Design Space Exploration of Multi-output Logic Function Approximations

Approximate Computing has emerged as a design paradigm that allows to decrease hardware costs by reducing the accuracy of the computation for applications that are robust against such errors. In Boolean logic approximation, the number of terms and literals of a logic function can be reduced by allowing to produce erroneous outputs for some input combinations. This paper proposes a novel methodology for the approximation of multi-output logic functions. Related work on multi-output logic approximation minimizes each output function separately. In this paper, we show that thereby a huge optimization potential is lost. As a remedy, our methodology considers the effect on all output functions when introducing errors thus exploiting the cross-function minimization potential.

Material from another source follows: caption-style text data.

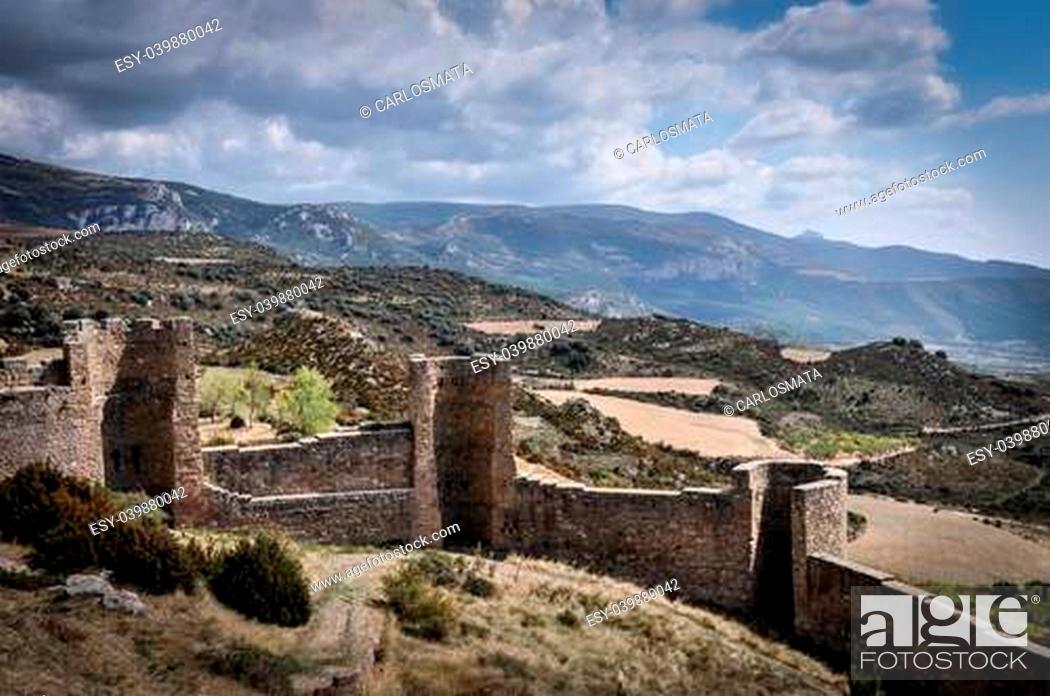 Stock Photo: El castillo abad?a de Loarre (en aragon's castiello de Lobarre) es un castillo rom?nico situado en la localidad del mismo nombre, en la sierra de Loarre.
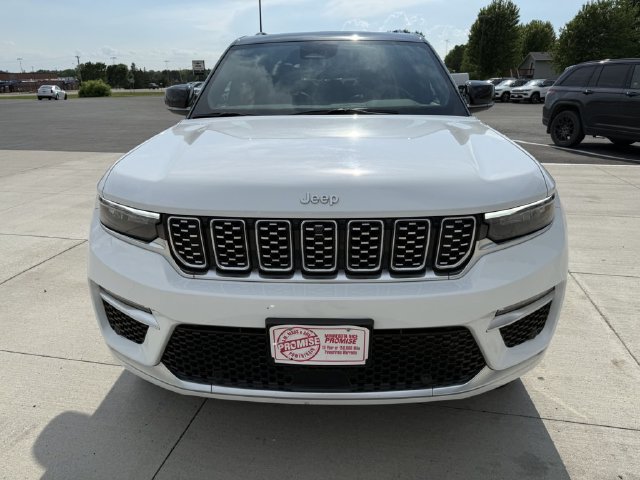 Used 2024 Jeep Grand Cherokee Summit w/ Luxury Tech Group V AWD/4WD image 3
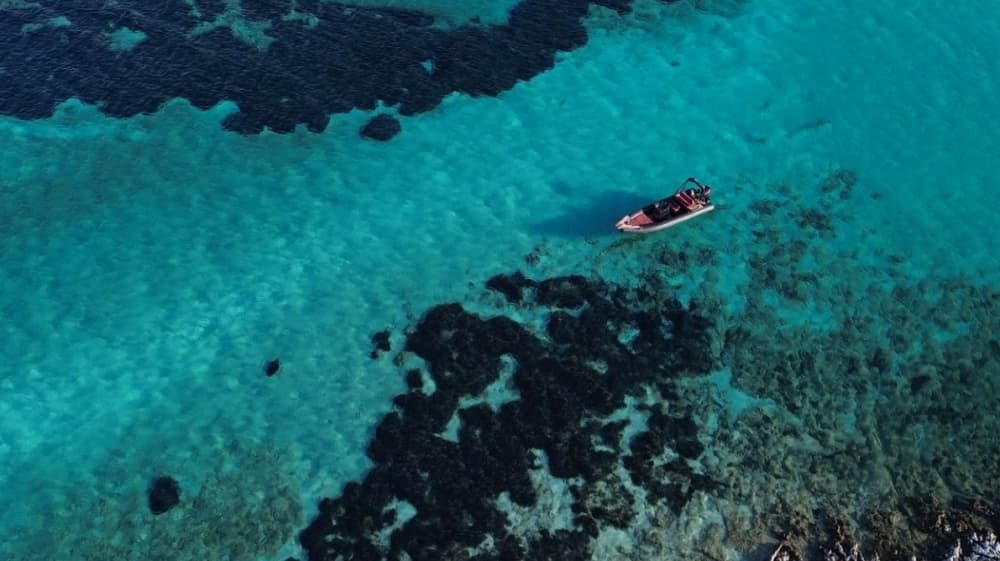 Passeio de barco privado para Antiparos e Lagoa Azul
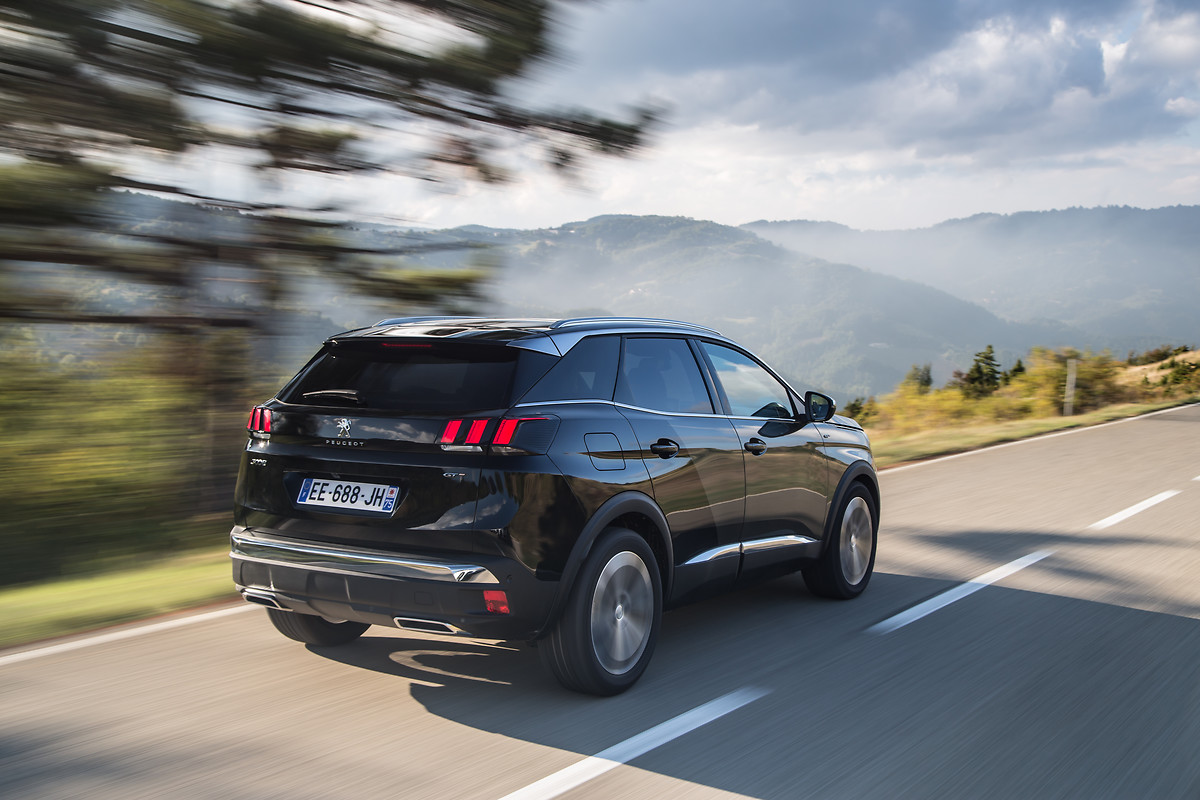 Peugeot 3008 z tytułem Car of the Year 2017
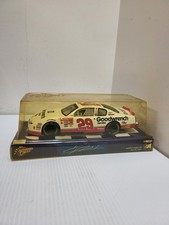 Winner's Circle 2001 Kevin Harvick Rookie 29 GM Goodwrench Monte Carlo 1/24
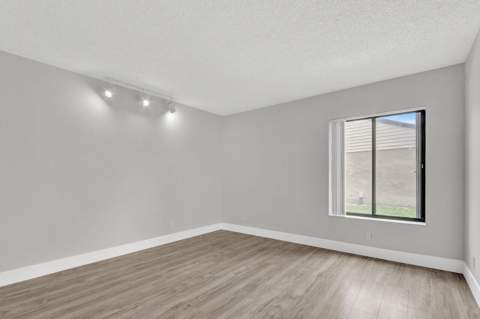 715 Sunny Pine Way #B1, Greenacres FL - photo 16 of 31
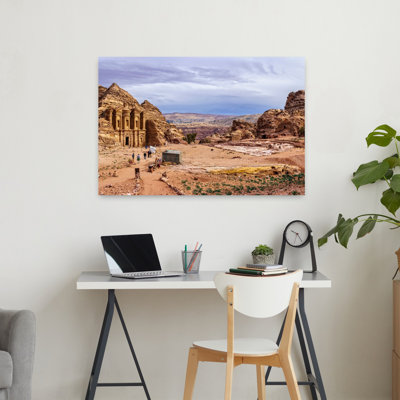 Monument monastère entre roches, Petra, Jordan, art contemporain abstrait, paysage, art mural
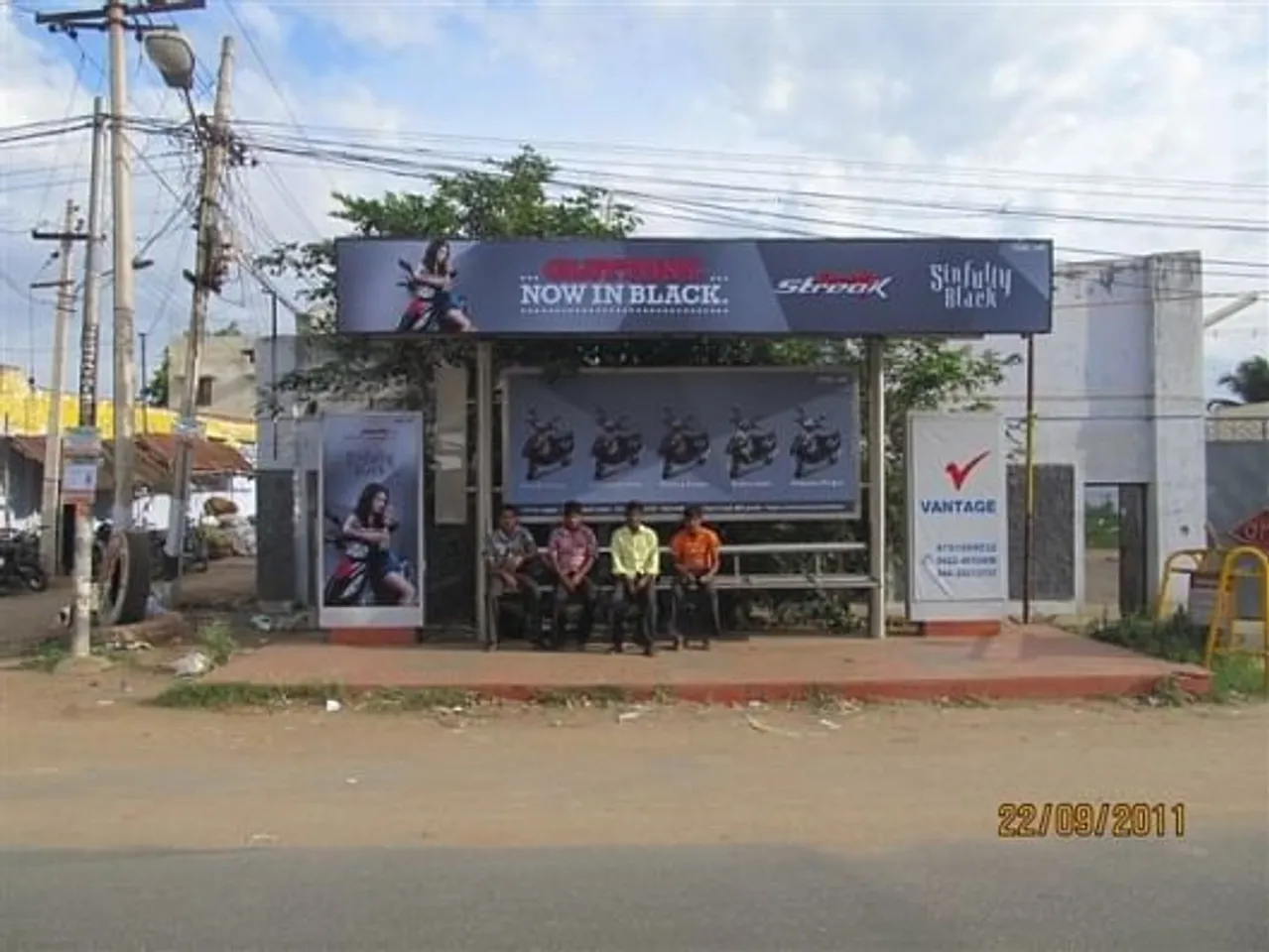 Bus que shelter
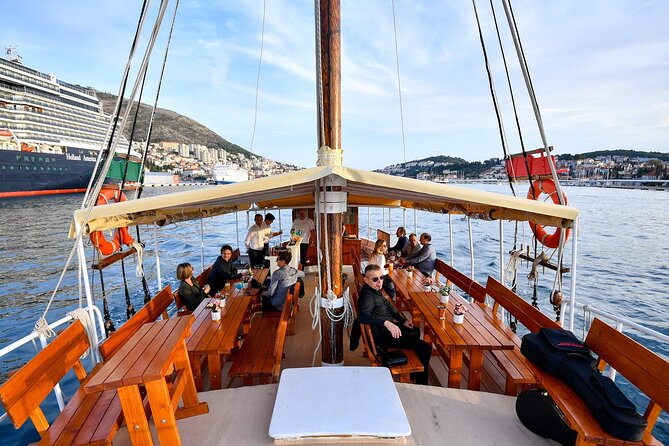 Gastro Cruise | Cruise around Dubrovnik Old Town with Lunch - Who should book this cruise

Moreover, our approach is integrated into a design space exploration technique to obtain not only a single solution but a Pareto-set of designs with different trade-offs between hardware costs (terms and literals) and error (number of minterms that have been falsified). Experimental results show our technique is very efficient in exploring Pareto-optimal fronts. For some benchmarks, the number of terms could be reduced from an accurate function implementation by up to 15% and literals by up to 19% with degrees of inaccuracy around 0.1% w.r.t. accurate designs. Moreover, we show that the Pareto-fronts obtained by our methodology dominate the results obtained when applying related work.